According to a report by International Rivers, Sinohydro fared best in terms of implementing social and environmental guidelines compared with other Chinese dam builders.

But its policies and guidelines are not yet at the same level as international standards set by other important organisations. These include the World Bank, International Finance Corporation and the International Hydropower Association’s Hydropower Sustainability Assessment Protocol.

In our recent research we analysed Sinohydro’s social and environmental policies. We found that in 2011 there were plans to adopt eight of 12 policy commitments from the World Bank-related performance standards.

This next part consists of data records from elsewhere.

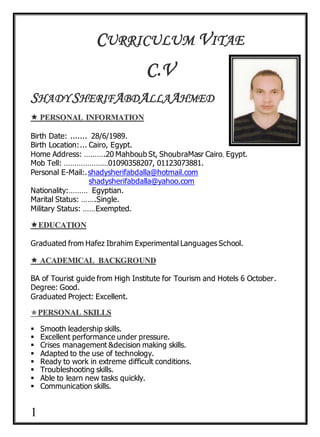 1
CURRICULUM VITAE
C.V
SHADY SHERIFABDALLAAHMED
Birth Date: ....... 28/6/1989.
Birth Location:... Cairo, Egypt.
Home Address: ……….20 Mahboub St, ShoubraMasr Cairo, Egypt.
Mob Tell: …………………01090358207, 01123073881.
Personal E-Mail:.shadysherifabdalla@hotmail.com
shadysherifabdalla@yahoo.com
Nationality:……… Egyptian.
Marital Status: …….Single.
Military Status: ……Exempted.
Graduated from Hafez Ibrahim Experimental Languages School.
BA of Tourist guide from High Institute for Tourism and Hotels 6 October.
Degree: Good.
Graduated Project: Excellent.

 Smooth leadership skills.
 Excellent performance under pressure.
 Crises management &decision making skills.
 Adapted to the use of technology.
 Ready to work in extreme difficult conditions.
 Troubleshooting skills.
 Able to learn new tasks quickly.
 Communication skills.
 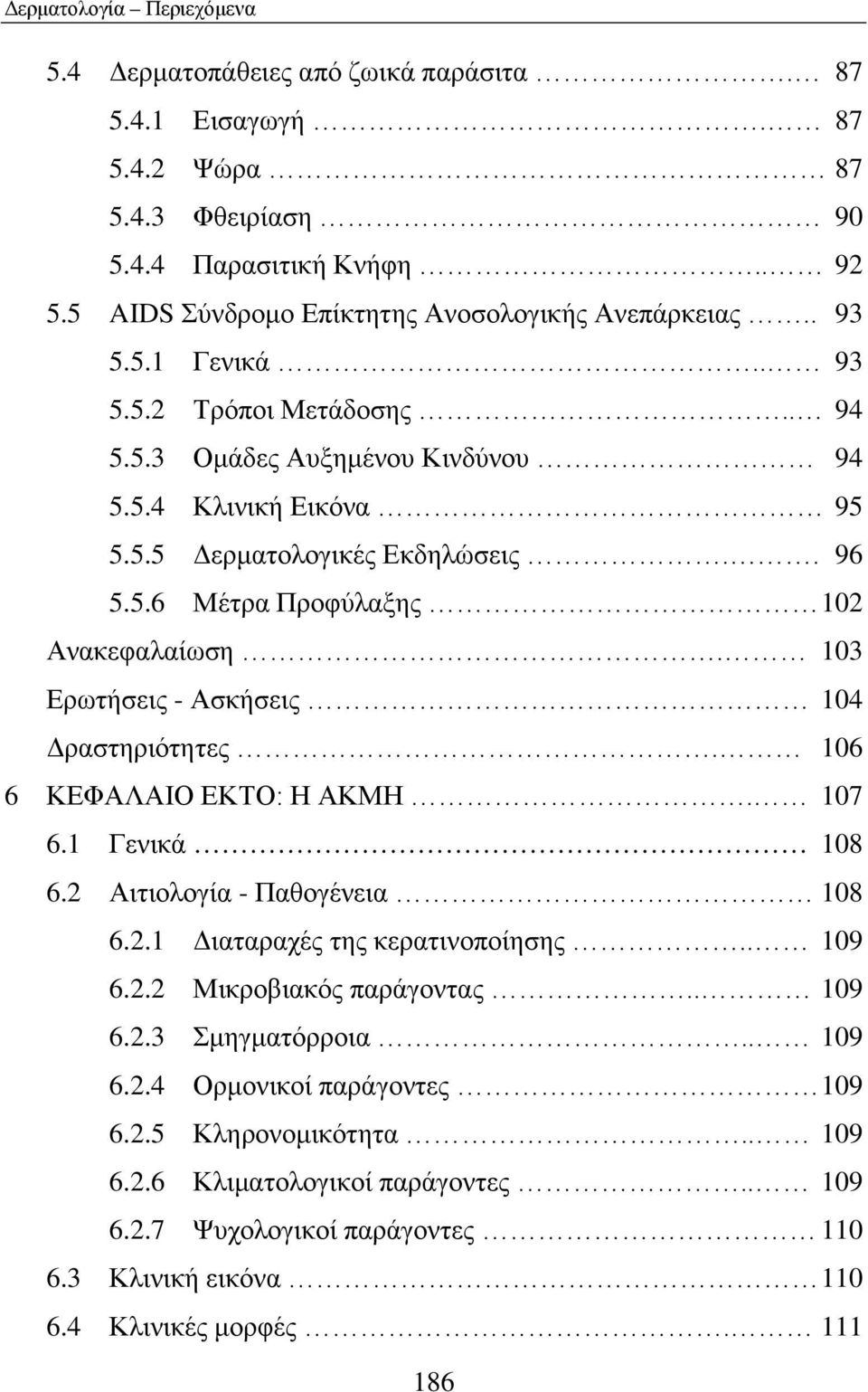 103 Ερωτήσεις - Ασκήσεις 104 Δραστηριότητες. 106 6 ΚΕΦΑΛΑΙΟ ΕΚΤΟ: Η ΑΚΜΗ. 107 6.1 Γενικά 108 6.2 Αιτιολογία - Παθογένεια 108 6.2.1 Διαταραχές της κερατινοποίησης.. 109 6.2.2 Μικροβιακός παράγοντας.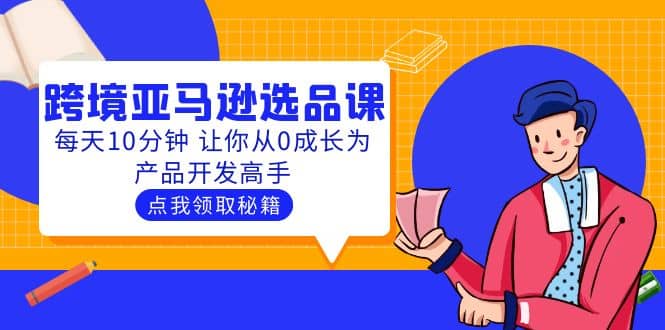 聪明人都在学的跨境亚马逊选品课：每天10分钟 让你从0成长为产品开发高手-网创社区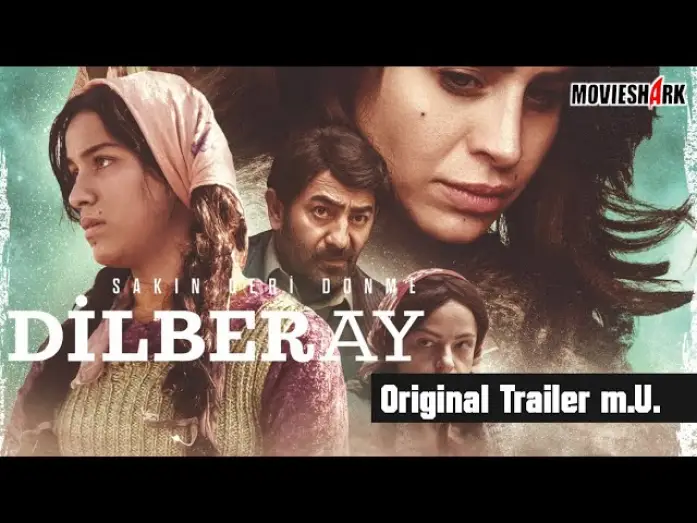 Відео до фільму Dilberay | "DILBERAY" - Biografie-Drama - Originaltrailer mit deutschen Untertiteln
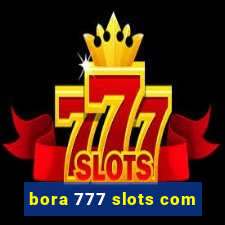 bora 777 slots com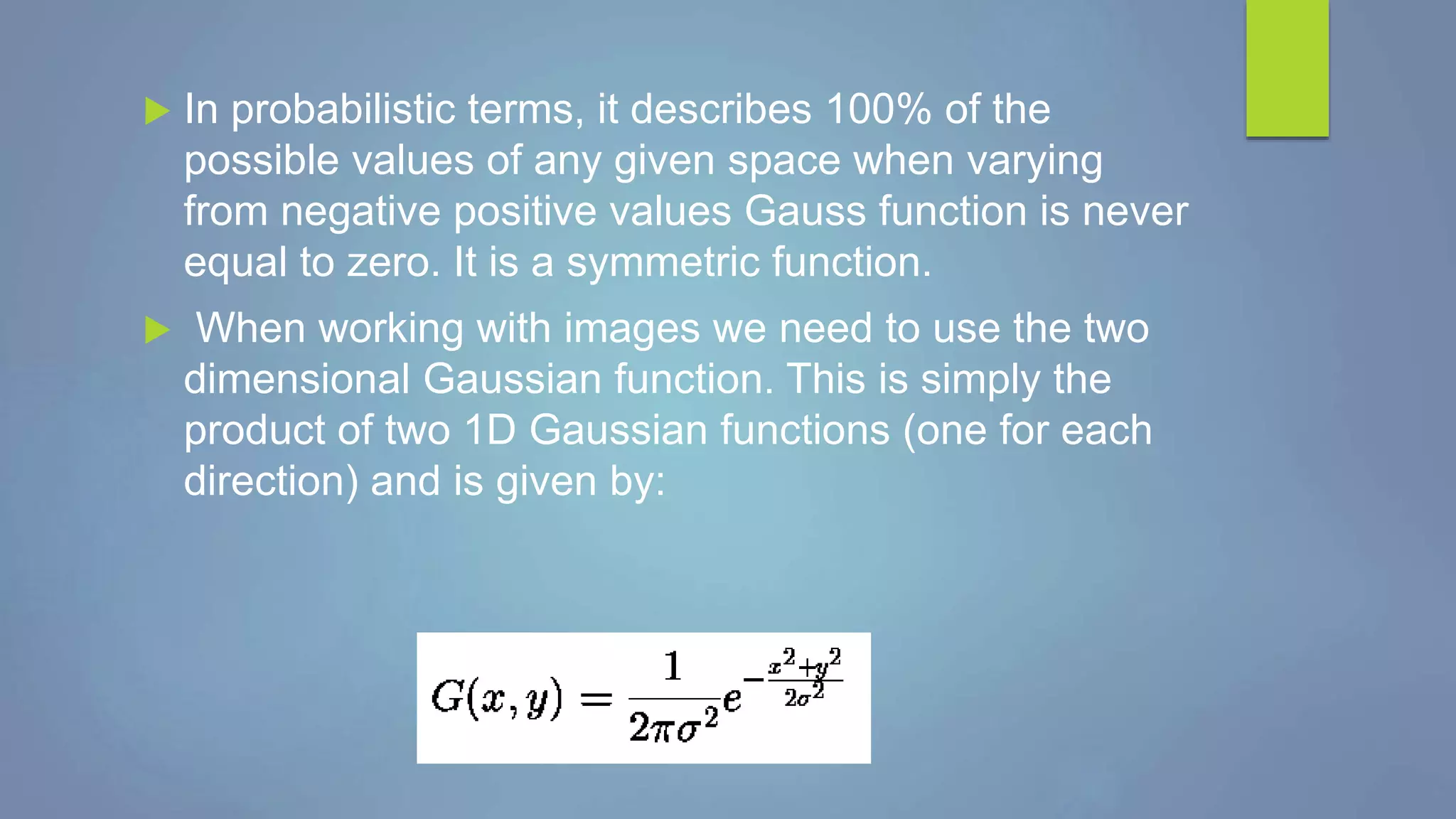  In probabilistic terms, it describes 100% of the
possible values of any given space when varying
from negative positive values Gauss function is never
equal to zero. It is a symmetric function.
 When working with images we need to use the two
dimensional Gaussian function. This is simply the
product of two 1D Gaussian functions (one for each
direction) and is given by:
 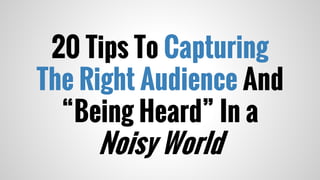20 Tips To Capturing
The Right Audience And
“Being Heard” In a
Noisy World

For example, according to the World Bank’s policy, dam projects should not occur in a national park, the habitat of threatened species, or in protected wetlands. But after Sinohydro was restructured to streamline its global operations, these World Bank environmental and social guidelines were replaced by weaker internal company policies.

Policy documents released in 2013 and 2014 after the restructuring were closer to a no-strings-attached approach.

In addition, several dams built by Sinohydro in the last ten years have been built in national parks. Examples include the Kamchay Dam in Bokor National Park in Cambodia and the Bui Dam in Bui National Park in Ghana.

Yet Sinohydro is reported to be at the top of its game in terms of environmental and social policies for a Chinese dam builder. It fares better than other Chinese dam builders, including PowerChina Resources. Many Chinese hydropower firms, particularly smaller and lesser-known ones, do not have any comprehensive social and environmental policies in place.

Another interesting aspect of our research was that we found striking differences between the dam governance process in Ghana and Cambodia. The Ghanaian government was more accountable to local affected populations and it was very involved in the project. Cambodia, on the other hand, was less accountable and less participatory.

The findings suggest that Chinese dam builders and financiers tend to follow social and environmental standards and best practice for planning and implementing hydropower dams. But the national government plays a large role too in making sure this happens.

The pressure should therefore not only be on Chinese firms and financiers to minimise the social and environmental impact of large dams, mining operations, and large infrastructure projects. Host governments should be held accountable too. This will prove to be a challenge for many African nations.